The film was marketed with a massive advertising campaign, with Columbia spending $1.3 million in television commercials and $1.5 million in print advertising. The film was marketed in Playboy and Penthouse magazines with a still of Bisset in a wet T-shirt, although plans to make a poster of this image were cancelled after Bisset threatened to sue. After the ABC Television Network released The Making of Star Wars, Columbia produced a similar one-hour primetime special called The Making of 'The Deep' , produced, written, and directed by Peter Lake and Chuck Workman on the CBS Television Network. Research data reported in The New York Times showed that the marketing of the film was so extensive that the average moviegoer viewing the film had already seen a full 15 minutes of it.

==Music==
The film's score was composed and conducted by John Barry, who at the time was most famous for his work on the James Bond film series, and performed by the Hollywood Studio Symphony. In the same manner of a Bond film, Barry collaborated with a high-profile singer for the film's theme song. American singer Donna Summer teamed up with Barry for the film's signature song, titled "Down Deep Inside (Theme from the Deep)". Summer was a singer under contract to film production company, Casablanca Record and FilmWorks. The song was nominated for a Golden Globe Award and a hit on the U.S. Dance Chart, as well as a top-five singles hit in the UK, and a top-40 hit in the Netherlands.

===Charts===

| Chart (1977) | Peak position |
|---|---|
| Australia (Kent Music Report) | 63 |

==Reception==
The Deep was released on June 17, 1977, and was well received by the public. For the first time in film history the audience saw the real underwater world filmed in Panavision. The film reportedly cost $8.5 million to market having assured promotional partners that by opening day over 200 million people would have read, seen or heard about The Deep more than 15 times. Upon its release, the film was noted for its opening scene of Jacqueline Bisset swimming underwater while wearing only a thin, white T-shirt and a black bikini bottom. A possibly opportunistic photo of Bisset in character taken underwater by the wreck of RMS Rhone was used to target the men's lifestyle market without her approval. Producer Peter Guber claimed this helped make the film a box office success, and said "That T-shirt made me a rich man!"

The Deep opened to $8,124,316 on 800 screens beating the opening weekend record set by Jaws, although it had opened on almost double the number of screens that Jaws had. It was the eighth highest-grossing film of 1977 in the United States and Canada with a gross of $47.3 million. Overseas, the film was Columbia's highest-grossing film and grossed over $100 million worldwide, although Guber complained in May 1978 that he had not received any profit participation.

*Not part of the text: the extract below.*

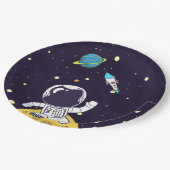 Astronaut Floating in Buitenruimte Papieren Bordje (Gekanteld)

Vincent Canby of The New York Times gave the film a negative review, stating that "The story, as well as Peter Yates's direction of it, is juvenile without being in any attractive way innocent, but the underwater sequences are nice enough, alternately beautiful and chilling. The shore-based melodrama is as badly staged as any I've seen since Don Schain's The Abductors (1972), which is to remember incompetence of stunning degree."
Roger Ebert praised the film for its photography and presenting a romance in a new setting.

The Deep holds a 38% rating on Rotten Tomatoes based on 26 reviews. The consensus summarizes: "Narratively shallow, The Deep is a satisfyingly disposable thriller with commendable underwater photography."

===Awards and nominations===
Among the film's honors include nominations for an Academy Award and a Golden Globe Award:

| Year | Award | Category | Recipient | Result |
| 1977 | Academy Awards | Best Sound | Walter Goss, Tom Beckert, Robin Gregory, Dick Alexander | Nominated |
| Golden Globe Awards | Best Original Song | John Barry, Donna Summer | Nominated |
| British Academy Film Awards | Best Cinematography | Christopher Challis | Nominated |
| Photoplay Awards | Gold Medal for Favorite Movie | Jacqueline Bisset, Nick Nolte | Nominated |

==Comic book adaptation==
- Marvel Comics: The Deep (November 1977)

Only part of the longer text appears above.